Before 1997, anyone holding a British passport had a right to work in Hong Kong, so there was a ready flow of expats often accompanied by their spouses, who also put their talents to use. Now work visas are required and accompanying spouse are prohibited from engaging in any work -- even charity work.
"If Hong Kong is going to take this role on as supplier of professional services to China and the region, we mustn't forget that Hong Kong is not a big place. It is, in essence, a city state. We can only produce so many talented people, so we will have to bring in people from outside," Mr Twist said.
Issues like pollution, international schools, and high rents are often cited as factors that deter some people from working in Hong Kong. Mr Twist, however, feels that Hong Kong does not face this problem alone, as many major cities around the world also have to contend with these obstacles in attracting talent.
"Hong Kong's advantage in attracting talent is that we have the China opportunity," he said. "China is seen as the 'must-have' thing on your CV. A few years ago it was the Middle East, now it is China, which a big plus in attracting quality people here."
Gemini has opened branches in Beijing, Shanghai and Guangzhou, through a joint venture, in addition to its Hong Kong and Bangkok offices to serve the Mainland market. Most of its clients are Western companies looking to place staff in Hong Kong as well as the Mainland. Like the businesses they are in, finding the right person to drive their companies forward, or in a new direction, is extremely competitive.
Classifieds or headhunter?
Ms Sajnani says that while staff recruitment through classifieds can be successful, their shortcoming is that they only target people who see the ad. "If you want to find the best people, you need to go and find them and talk to them," she said. "Waiting for them to see your ad and to come and talk to you obviously has several disadvantages."

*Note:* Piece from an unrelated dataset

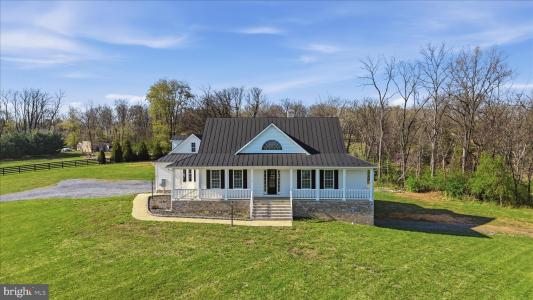 325 Dehaven Drive, Clear Brook, Virginia 22624, USA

Among these is time. Instead of meeting 35 candidates, a headhunter can narrow the list down to five. Also, email makes it very easy for anyone to attach their CV and cast it out in the hope of getting a bite. "A headhunter narrows it down by finding out what a client wants, and what they want their new recruit to achieve," she said.
Maintaining good relations with both the clients and applicants that Gemini serves is extremely important, because, as Mr Twist points out: "today's applicant can be tomorrow's client." But how does he find the talent in the first place?
Besides mining the company's database, his staff also need to keep their finger on the pulse of career changes in Hong Kong to allow them to inform potential candidates about job opportunities. Unlike tele-marketers, who are often dispatched with a few gruff words, cold calls from headhunters are generally welcomed.
"In Hong Kong, people are very receptive to opportunities. If there is an opportunity in it for them, they will listen to you. In other countries, they are not so receptive, but China is becoming more like Hong Kong in this regard," he said.
"Most of the time, even people at a very high level, are very helpful because they are thinking if they help this headhunter there will be something in it for them," Ms Sajnani said. "This is very helpful to build up future networks and contacts for both the executives and ourselves if they ever come looking for a job, or if we are looking for the right candidate. That is how we always recruit the best person for the job."